Invoking that right is usually done to avoid answering specific questions as it protects a person from being “compelled in any criminal case to be a witness against himself.” While taking the Fifth can have negative implications depending on the circumstance, the US Supreme Court has long regarded the right against self-incrimination as a venerable part of the Constitution and tried to ensure that a witness’ silence not be equated with guilt.
John Eastman, a conservative lawyer who helped craft a questionable legal theory that then-Vice President Mike Pence had the constitutional authority to interrupt the certification of the 2020 presidential election results, signaled ahead of his meeting with the committee on Thursday that he would be taking the Fifth Amendment. A source familiar with the meeting did not offer any details about his deposition or whether Eastman did plead the Fifth.
In addition to Eastman, former Department of Justice official Jeffrey Clark, who is a central figure in the run-up to the riot and is accused of attempting to use Justice Department authority to overturn the election, and Roger Stone, a longtime Republican operative and Trump ally, have all told the committee they will not cooperate and will plead the Fifth Amendment. The committee was ready to move forward with holding Clark in contempt but is giving him another chance to testify as he says he plans to plead the Fifth.
“I don’t think there’s any question that there’s some coordination among those who’ve been subpoenaed as an effort to obstruct the investigation,” Schiff said. “But we, you know, we are determined to press forward and overcome whatever obstacles are thrown our way.”
With Clark, Eastman and Stone expected to invoke these protections against self-incrimination, it’s unclear how much information the committee will receive from them or if it will be satisfied with their level of participation.
If they are answering the committee’s questions in their depositions by pleading the Fifth, the panel will likely have to stop the process there. But if they continue to stonewall the committee, and invoke the Fifth Amendment in ways the committee deems illegitimate, the panel will likely proceed with holding them in criminal contempt.
“If they’re asserting the fifth merely to cater to the President’s whims or cover up for the President, that is not a proper use of the privilege. But we will have to do our best to divine whether they’re properly invoking the fifth or using it as a stratagem to keep information,” Schiff said.

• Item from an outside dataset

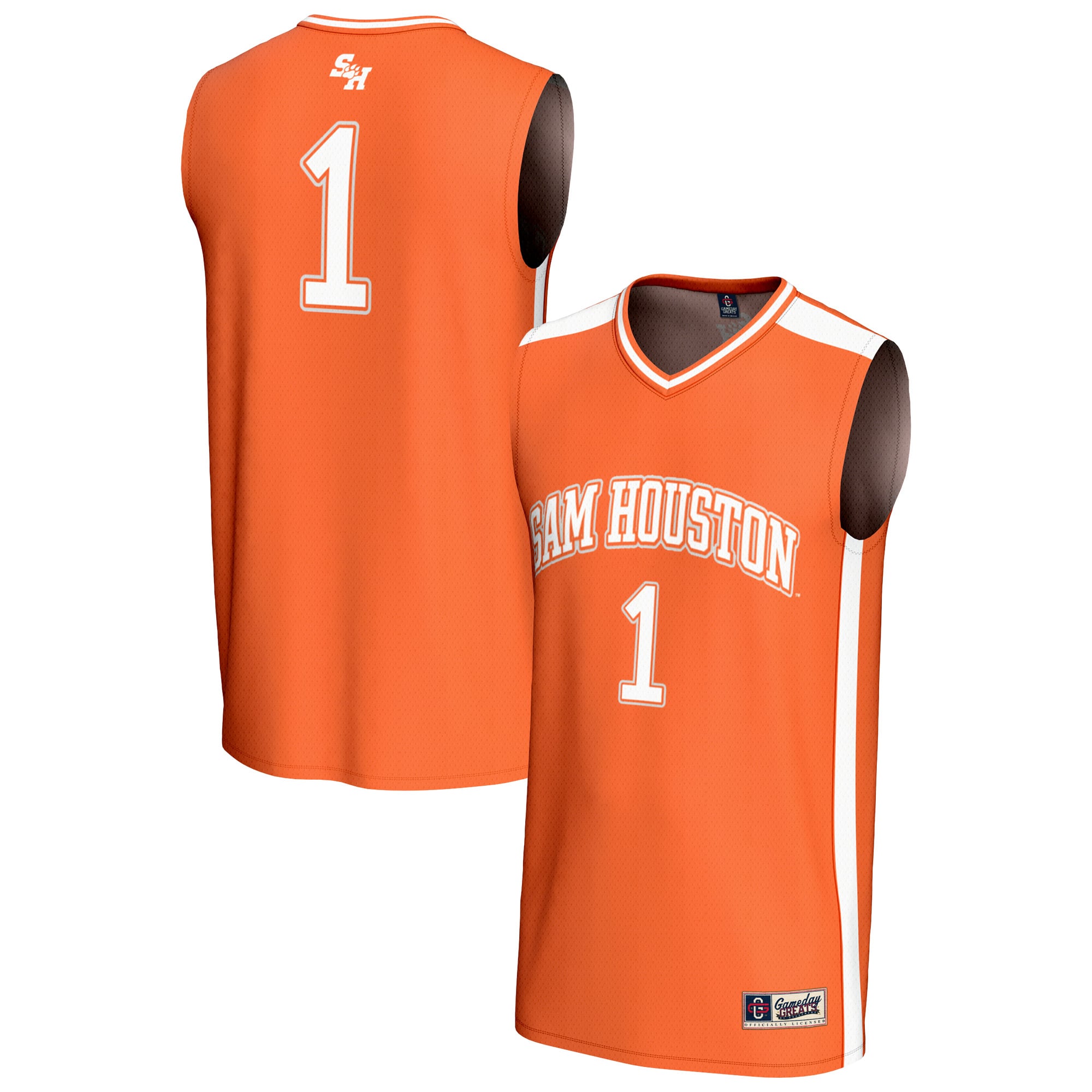 #1 Sam Houston State Bearkats Unisex Lightweight Collegiate Basketball - front and back view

“Every American can do it,” Thompson told CNN, noting the constitutional right. “So, we’ll just have to see what happens.”
As Raskin points out, the committee has the option to grant individuals who plead the Fifth “use immunity,” which means that the panel guarantees them their testimony will not be used against them in a prosecution.

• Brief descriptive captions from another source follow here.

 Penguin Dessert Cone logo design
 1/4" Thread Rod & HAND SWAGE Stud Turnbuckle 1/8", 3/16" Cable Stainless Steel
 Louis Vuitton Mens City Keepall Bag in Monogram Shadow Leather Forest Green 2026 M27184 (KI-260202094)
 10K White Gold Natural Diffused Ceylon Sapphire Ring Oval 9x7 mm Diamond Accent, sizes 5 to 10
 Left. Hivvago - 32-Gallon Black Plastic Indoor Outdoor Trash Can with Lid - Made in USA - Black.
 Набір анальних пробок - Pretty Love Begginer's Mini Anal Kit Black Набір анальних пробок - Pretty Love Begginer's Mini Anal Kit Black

“At that point, they have to testify and if they don’t, they are guilty of contempt,” Raskin said.
“This is a system of due process. You know, we don’t have a system based on inquisition,” he added. “Even people who are violating the law enjoy their rights under constitutional due process.”
Still, members believe the fraction of individuals choosing this route is small and is offset by how many subpoenaed individuals are cooperating.
“There’s so many,” Aguilar said of the people who continue to talk. “For everyone who may not want to talk to us, there were dozens and a lot of connections that we continue to make in the investigation.”